Does T-test requires Standard deviation or variance for calculation

The z-test requires the population standard deviation.

$$ z=\dfrac{ \bar x -\mu_0 }{\sigma/\sqrt n} $$

You don’t estimate $\sigma$ from the data; you know it. If this sounds unreasonable, you’re right,$^{\dagger}$ so we have the t-test, which uses the sample standard deviation, which is calculated from the data.

$$ t=\dfrac{ \bar x-\mu_0 }{s/\sqrt n}\\ s=\dfrac{1}{n-1}\sum\bigg( x_i-\bar x \bigg)^2 $$

$^{\dagger}$There are situations where this is reasonable, but I would consider them the exception.

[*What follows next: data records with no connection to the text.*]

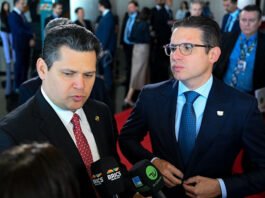Estratégia de Motta para não instalar CPI do Master é alegar que precisa seguir ordem de pedidos; confira CPIs na fila
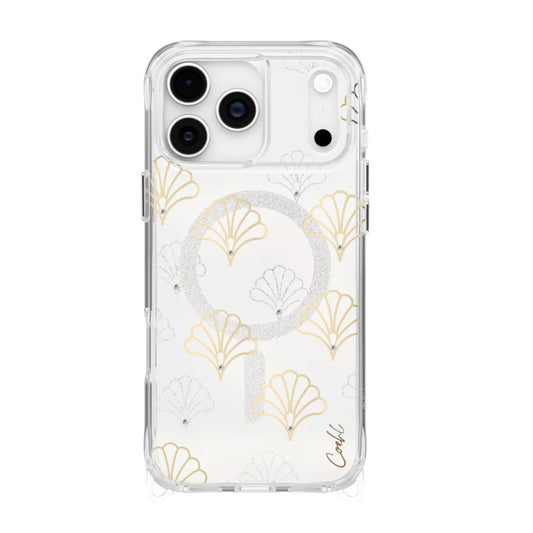Funda Coehl MARÉE Mag para iPhone 17 Pro Max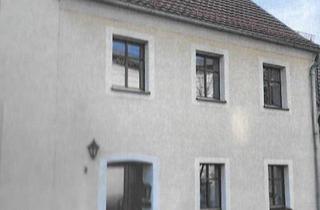 Reihenhaus kaufen in 02894 Reichenbach, Reichenbach/Oberlausitz - Kleines Reihenhaus in Reichenbach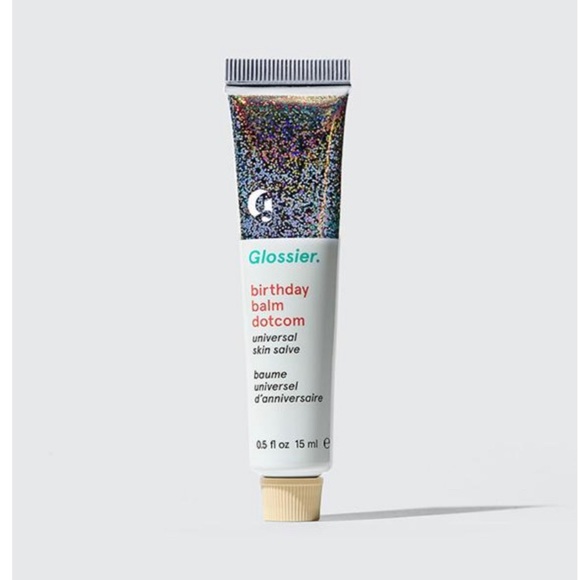 Glossier Other - glossier birthday balm dotcom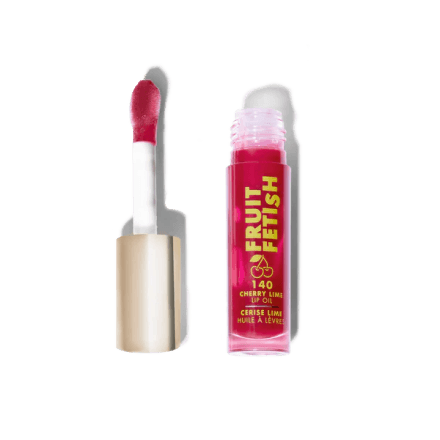 Milani Fruit Fetish Масло за устни, 140 Cherry Lime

We can simulate this to show that the equations give different values.

set.seed(2022);
n <- 31;
true_mean <- 0.2;
mu_0 <- 0;
true_sd <- 1;
x <-rnorm(n, true_mean, true_sd);
z_stat <- (mean(x) - mu_0)/(true_sd/sqrt(n));
t_stat <- (mean(x) - mu_0)/(sd(x)/sqrt(n));
z_stat - t_stat

I get a difference of about $0.05$.

Addressing the question in the title, if you know variance or standard deviation, you know the other by either squaring (to get the variance from the standard deviation) or taking the square root (to get the standard deviation from th e variance).

REFERENCES

https://online.stat.psu.edu/stat200/lesson/8/8.2/8.2.3/8.2.3.3

https://online.stat.psu.edu/stat200/lesson/8/8.2/8.2.3/8.2.3.1

t- test is based on assumption of small samples(less than 30) and utilizes standard error of estimate (S.E) to compute test-statistic for inference. (The standard deviation is divided by square root of n - number of observations in the sample to estimate S.E. of mean.) t-statistic is assumed to be normally distributed and generally utilized in case of small samples of 30 or less. z-test utilizes Z- score. The significance level of Z-score is obtained from standard normal distribution table which is compared against alpha set for a decision. The Z scores are assumed to be distributed under standard normal curve reflecting alpha probabilities. Standard normal distribution invokes large sample theory.